Outro desafio a ser vencido é a predominância da
linguagem de palanque nos comentários de muitos leitores, associada à tática
muito comum de ofender ou desqualificar o interlocutor, em lugar de refutar seus
argumentos. Ou ainda, em muitos casos, partir para um novo tipo de cyberbullying,
difundindo calúnias nos sites de relacionamento. Isso tudo sem falar na massa de
comentários essencialmente ofensivos, chulos e impublicáveis, que são
simplesmente deletados.

Aprendizado. Não tenho dúvida de que, com o
tempo, com uma experiência mais longa neste novo meio de comunicação altamente
interativo, todos os jornalistas aprenderão a dialogar com seus leitores,
respondendo, na medida do possível, a todos os seus questionamentos.

A verdade é que ainda temos muito que aprender
sobre o exercício e o alcance dessa nova interatividade, que é muito nova em
todo o mundo.

De nosso lado, o maior obstáculo, a meu ver,
decorre dos condicionamentos e distorções do jornalismo unidirecional do
passado.

Um exemplo de herança antiga que sobrevive é a
atitude imperial de alguns colunistas e editorialistas, que ainda se comportam
como donos da verdade e parecem ignorar solenemente a opinião dos leitores.
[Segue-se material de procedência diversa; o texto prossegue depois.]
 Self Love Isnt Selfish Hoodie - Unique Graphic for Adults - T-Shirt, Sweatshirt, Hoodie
Sempre que posso, lembro-lhes, que tudo tende a
ser diferente neste novo ambiente, com a multiplicação quase explosiva dos blogs
e, em especial, dos portais dos grandes jornais, revistas, emissoras de rádio e
TV.

Nesse sentido, o jornalismo em sua essência –
como informação e opinião – ganha força, amplia seus horizontes e tende a
envolver muito mais pessoas do que alcançavam os jornais impressos no auge de
sua existência. Essa transparência crescente derruba mitos e ideias
preconcebidas, bem como estereótipos maliciosos lançados sobre a imprensa e sua
função social.

Interatividade. Como colunista e bloguista, tenho
vivido todas as etapas e transformações da tecnologia digital nesta passagem do
jornal impresso ao jornal eletrônico. Uma das diferenças essenciais é o tempo
muito maior de meu trabalho que gasto hoje para responder à massa de comentários
respeitosos e pertinentes que recebo e, em especial, àqueles que contestam
minhas posições. Não me queixo disso, não. É um trabalho gratificante.
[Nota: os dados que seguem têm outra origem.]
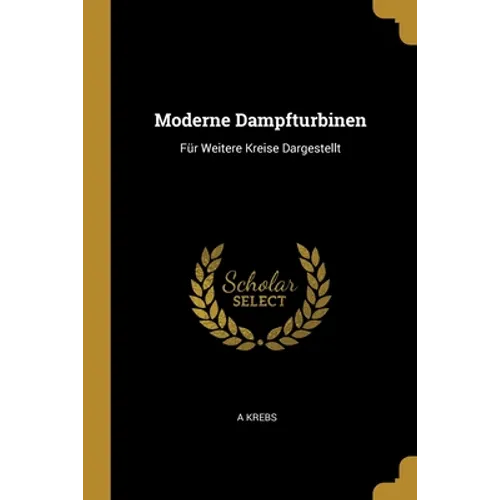 Moderne Dampfturbinen: Für Weitere Kreise Dargestellt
Fico feliz e recompensado com esse diálogo
crescente porque a grande maioria dos comentários, sejam favoráveis ou não,
enriquece o debate. Felizmente, não são muitos os que fogem ao cerne da questão
e investem contra o jornalista ou o jornal. Ou, levianamente, por falta de
argumentos, põem em dúvida nossa honestidade.
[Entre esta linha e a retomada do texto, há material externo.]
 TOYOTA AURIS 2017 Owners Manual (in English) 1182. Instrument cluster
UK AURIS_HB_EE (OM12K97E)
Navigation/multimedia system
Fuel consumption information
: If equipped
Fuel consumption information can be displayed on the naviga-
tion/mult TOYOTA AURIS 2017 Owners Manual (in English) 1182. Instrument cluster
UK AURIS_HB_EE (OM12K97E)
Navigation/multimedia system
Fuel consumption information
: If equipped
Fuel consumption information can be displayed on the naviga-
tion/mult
Acho que, em poucos anos, o relacionamento entre
jornalistas e leitores será ainda muito mais intenso, mais respeitoso, mais
complementar e mais comprometido com a verdade. E menos suscetível às posições
apaixonadas e radicais.

Um amigo, José Carlos Salvagni, ao ler a primeira
versão deste artigo em meu blog, me relembrou um pouco do jornalismo que ambos
fazíamos há quase 40 anos, "nas madrugadas lúgubres de 1973", em plena ditadura,
nos tempos terríveis em que o Estadão estava sob censura, e eu insistia em levar
minhas matérias da redação para a oficina e a impressão, e entregá-las em mãos,
na antiga sede da Rua Major Quedinho, na tentativa de zelar pela integridade das
notícias. Tempos difíceis.

Parece loucura, mas, na cabeça de muita gente, a
censura ainda parece reviver. "Para essas pessoas – diz Salvagni – ser do outro
lado passa a ser crime. Não ter lado e preferir contemplar grandes bandeiras
para todos é outro crime, pior ainda. Necroses do pensamento político, como o
anticomunismo visceral ou o oposto, ainda dão o tom da bile de boa parte dos
participantes.

É pena, mas ainda não nos demos conta ainda da
maravilhosa conquista que é a liberdade de expressão e da pluralidade."